__Collected data__:
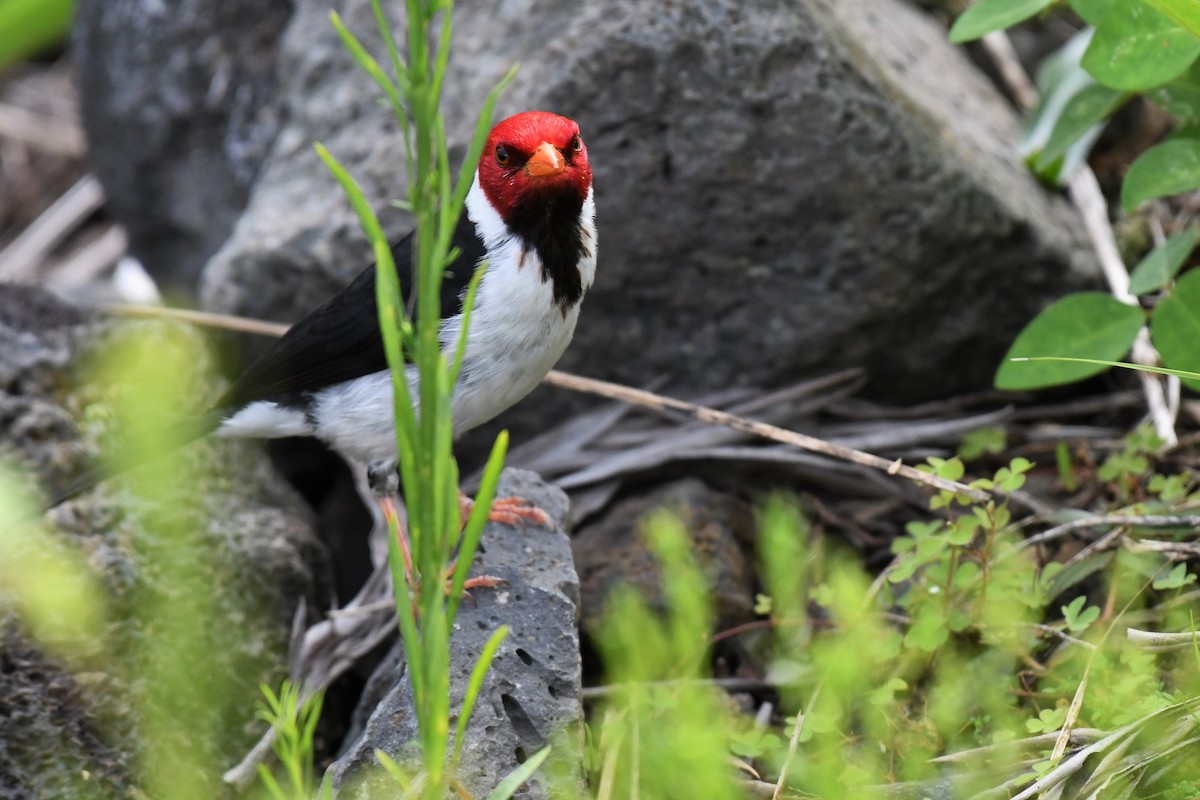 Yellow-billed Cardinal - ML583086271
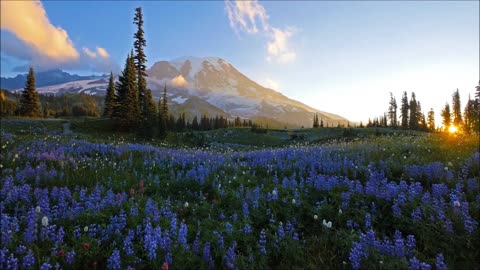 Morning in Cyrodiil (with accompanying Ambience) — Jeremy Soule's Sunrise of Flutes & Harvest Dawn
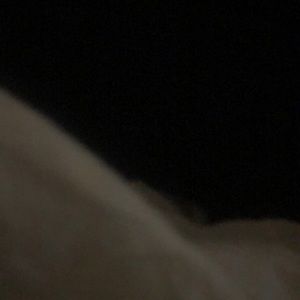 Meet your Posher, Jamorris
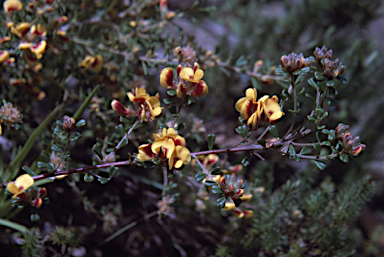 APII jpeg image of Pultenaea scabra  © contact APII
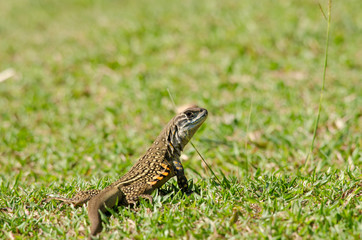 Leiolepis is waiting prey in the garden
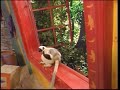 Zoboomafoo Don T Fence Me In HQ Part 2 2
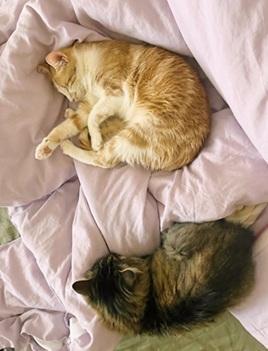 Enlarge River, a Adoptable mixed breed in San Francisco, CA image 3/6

__AIM OF THE EXERCISE__:
With the pictures left out, copy exactly the lines from the line holding "Morning in Cyrodiil" through the final line of the records, including both.

__FINAL ANSWER__:
 Morning in Cyrodiil (with accompanying Ambience) — Jeremy Soule's Sunrise of Flutes & Harvest Dawn
 Meet your Posher, Jamorris
 APII jpeg image of Pultenaea scabra  © contact APII
 Leiolepis is waiting prey in the garden
 Zoboomafoo Don T Fence Me In HQ Part 2 2
 Enlarge River, a Adoptable mixed breed in San Francisco, CA image 3/6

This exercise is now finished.